Now iterating over the internal nodes will get you both the list of substrings and their number of occurences in the input string (you need to filter out the nodes representing a 1 character substring).

You will find below a string representation of the suffix tree for your input string. This will help you visualize which substrings are matches.

- O - N E M $ - ##  
    - L E L I O N E M $ - ##  
- I O - N E M $ - ##  
      - L E L I O N E M $ - ##  
- $ - ##  
- E - M $ - ##  
      L I O - N E M $ - ##
              L E L I O N E M $ - ##
      N E - L I O L E L I O N E M $ - ##
            N E L I O L E L I O N E M $ - ##
- K A - M N E N E N E L I O L E L I O N E M $ - ##
        K A M N E N E N E L I O L E L I O N E M $ - ##
- L - E L I O N E M $ - ##
      I O - N E M $ - ##
            L E L I O N E M $ - ##
- A - M N E N E N E L I O L E L I O N E M $ - ##
      K A M N E N E N E L I O L E L I O N E M $ - ##
- M - $ - ##
      N E N E N E L I O L E L I O N E M $ - ##
- N E - M $ - ##
        L I O L E L I O N E M $ - ##
        N E - L I O L E L I O N E M $ - ##
              N E L I O L E L I O N E M $ - ##

This leads to the following output:

(IO, 2)
(ELIO, 2)
(ENE, 2)
(KA, 2)
(LIO, 2)
(NE, 4)
(NENE, 2)

Excluding redundant matches for a fixed number of occurrences (N)

We will now assume for instance that LIO, and IO should be filtered out because, just like ELIO, they have two matches. Such substrings of a larger match will be called "redundant matches". The following puzzle remains unsolved: given the set of all matches that occur exactly N times a.k.a N-matches (where N is a fixed integer), how can we filter out the "redundant" ones?

We start by making a priority queue from the set of N-matches ordered by decreasing length. We will then build iteratively a Generalized Suffix Tree (GST) of these matches to identify the redundant matches. To do so the algorithm is the following:

1. For each element in the heap (taken at the top), test if this element is a substring of one of the elements already registered in the GST
   • If not: insert it into the GST and append it to the list of "good matches".
   • Else: Skip it since another larger match is already registered ... And try with the next element
2. Once the heap is empty, the list of good matches contains all the non-redundant N-matches.
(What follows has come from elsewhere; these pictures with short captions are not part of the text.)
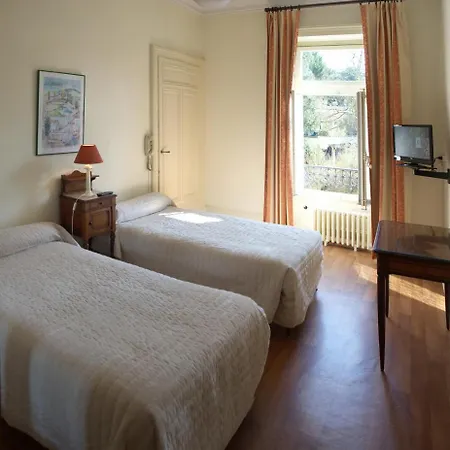 Ξενοδοχείο με διαμερίσματα Aux Meubles Du Manoir 3*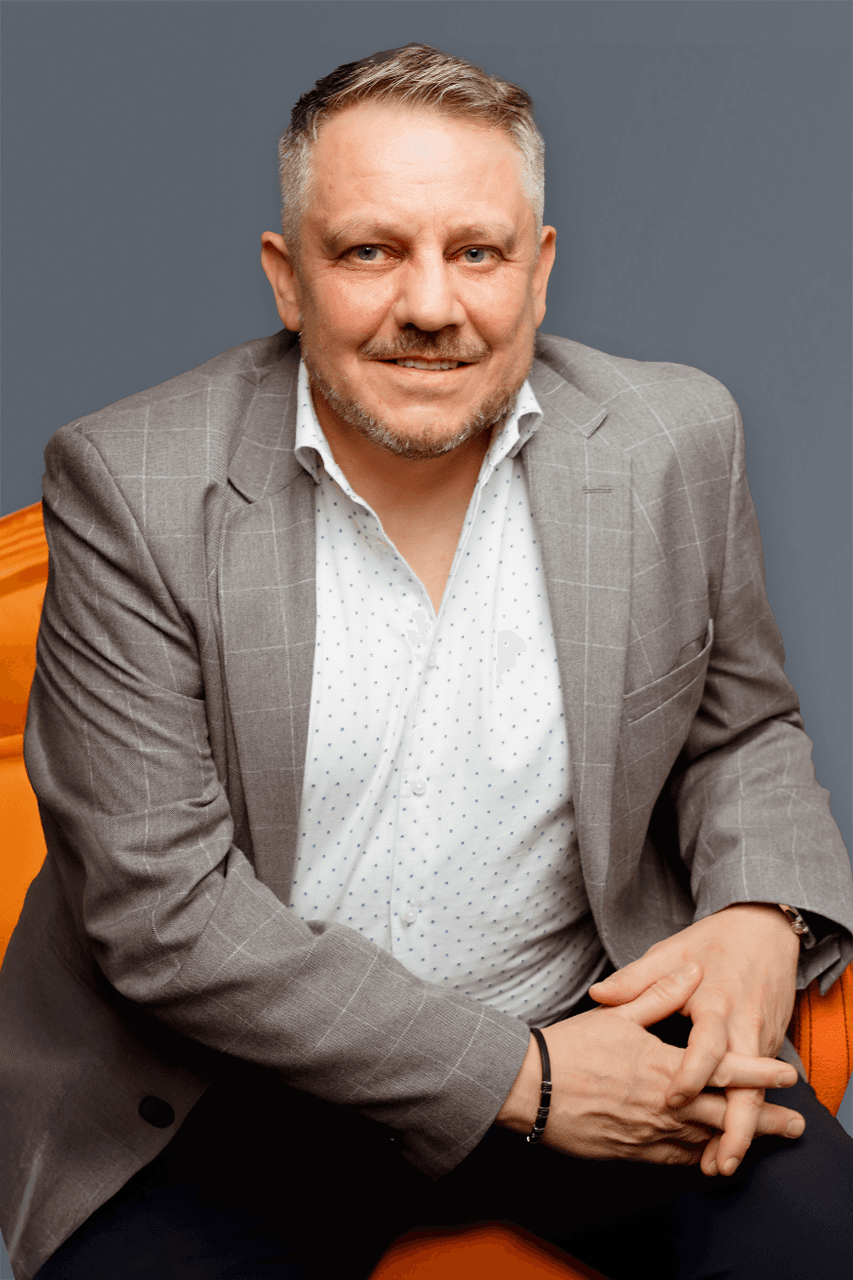 Michał Kierzek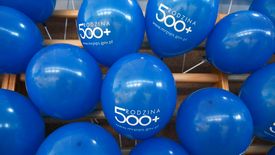"500 plus" na pierwsze dziecko - zmiany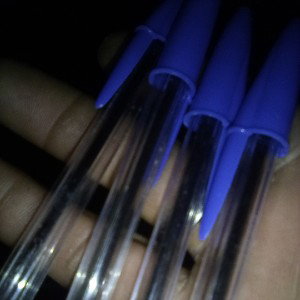 kill ink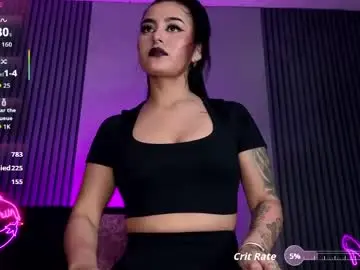 Chaturbate Free Live Porn of meganwolf1_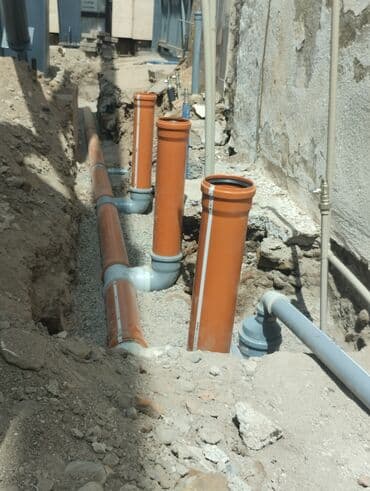 муж на час сантехник бишкек: Септик траншей казабыз сантехника кылабыз — 1
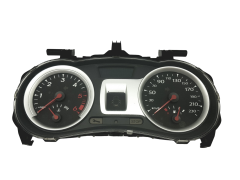 Otáčkoměr Renault Clio 3 8201060299 A 58524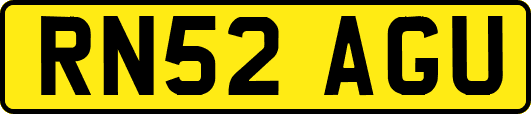 RN52AGU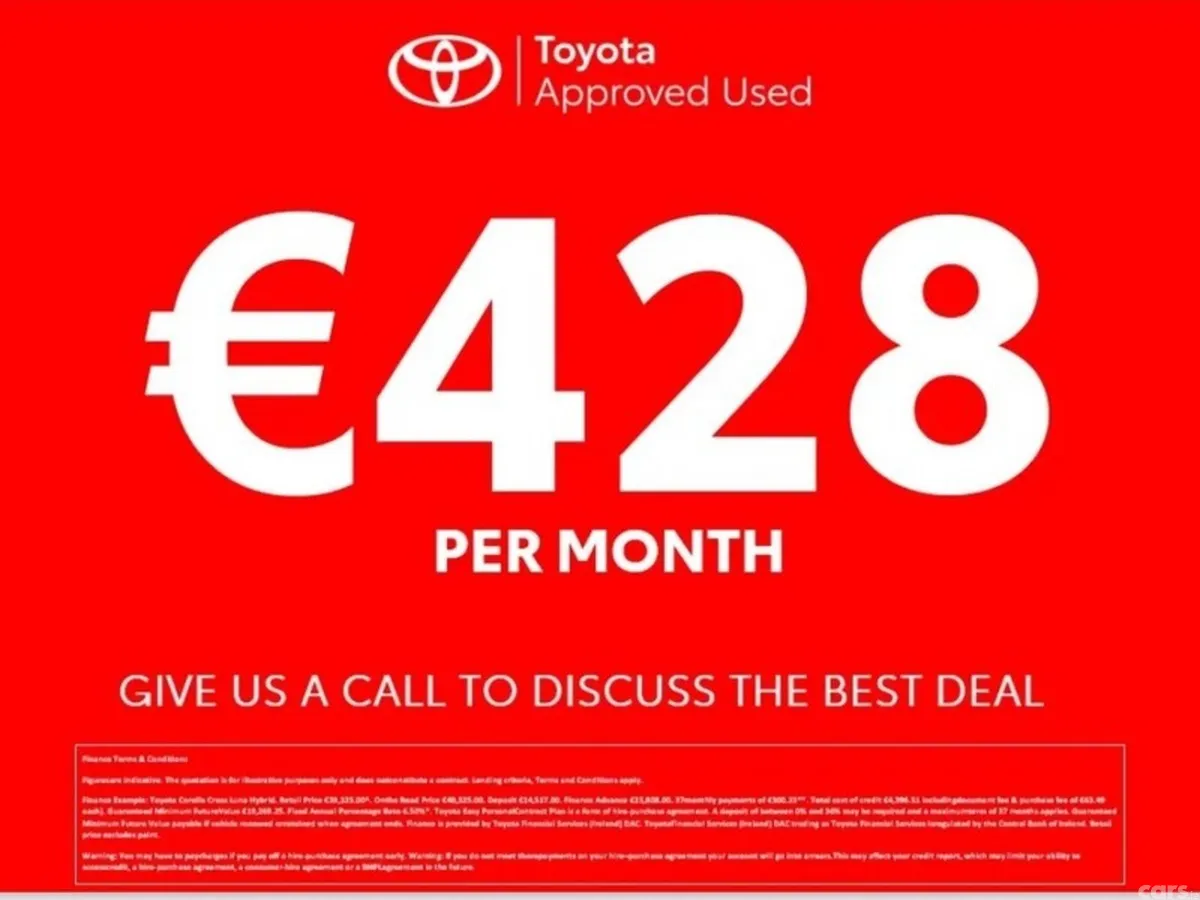 Toyota C-HR Hatchback, Petrol Plug-in Hybrid, 2025, White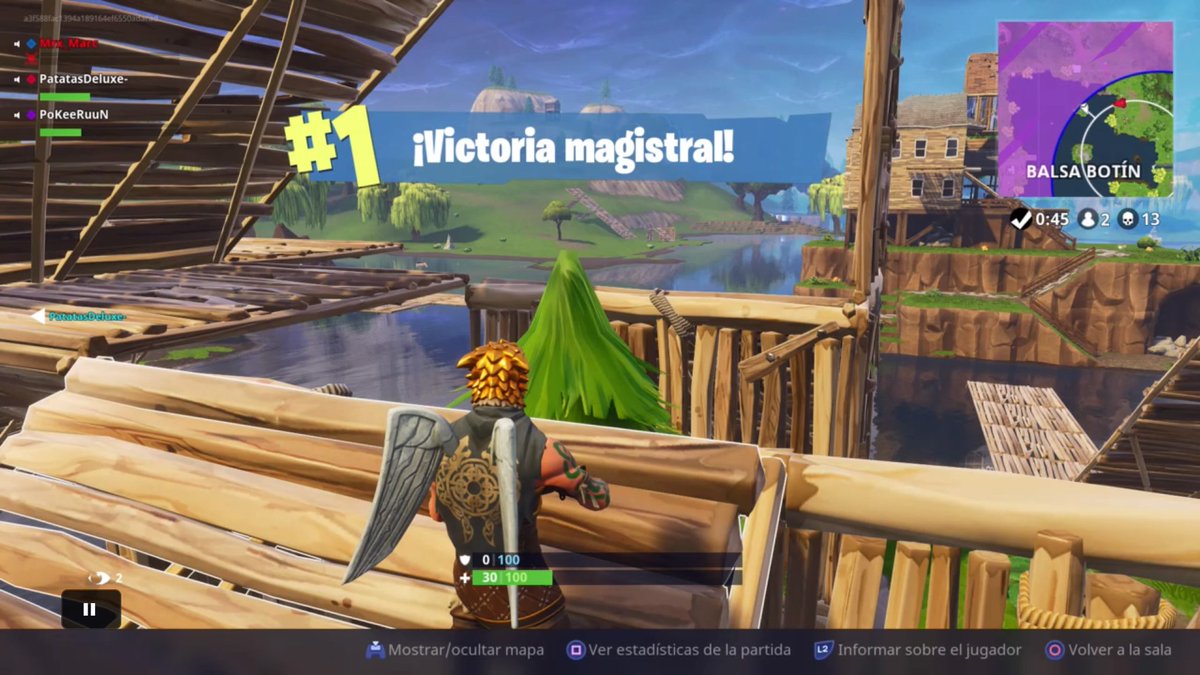 PoKeeRuuN's tweet photo. Gano !!!! 2 vs 1 mejor de 3 partidas apostando 30 Euros en total 
Humillación @DLuxxxxe y @ecz_chapii https://t.co/Xd4PwjMTok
This leads to the following pseudo Python code:

match_heap = heapify(set_of_matches)
good_matches = []
match_gst = generalized_suffix_tree()
while (not match_heap.empty()):
    top_match = match_heap.top()
    if (not match_gst.is_substring(top_match.string)):
        gst_match.insert(top_match.string)
        good_matches.append(top_match)
    else:
        # The given match is a substring of an already registered, bigger match
        # We skip it
return good_matches

Filtering all the redundant matches

Now that we can filter the redundant matches for N-matches, it is easy to filter all of them out of our global set of matches. We gather matches in buckets using their number of occurrences, then we apply the algorithm of the previous section on each bucket.

Notes

To implement the algorithm above, you need to have a Generalized Suffix Tree implementation, this is a bit different from a regular suffix tree. If you cannot find a Python implementation, you could always adapt the one you got. See this question to get hints on how to do so.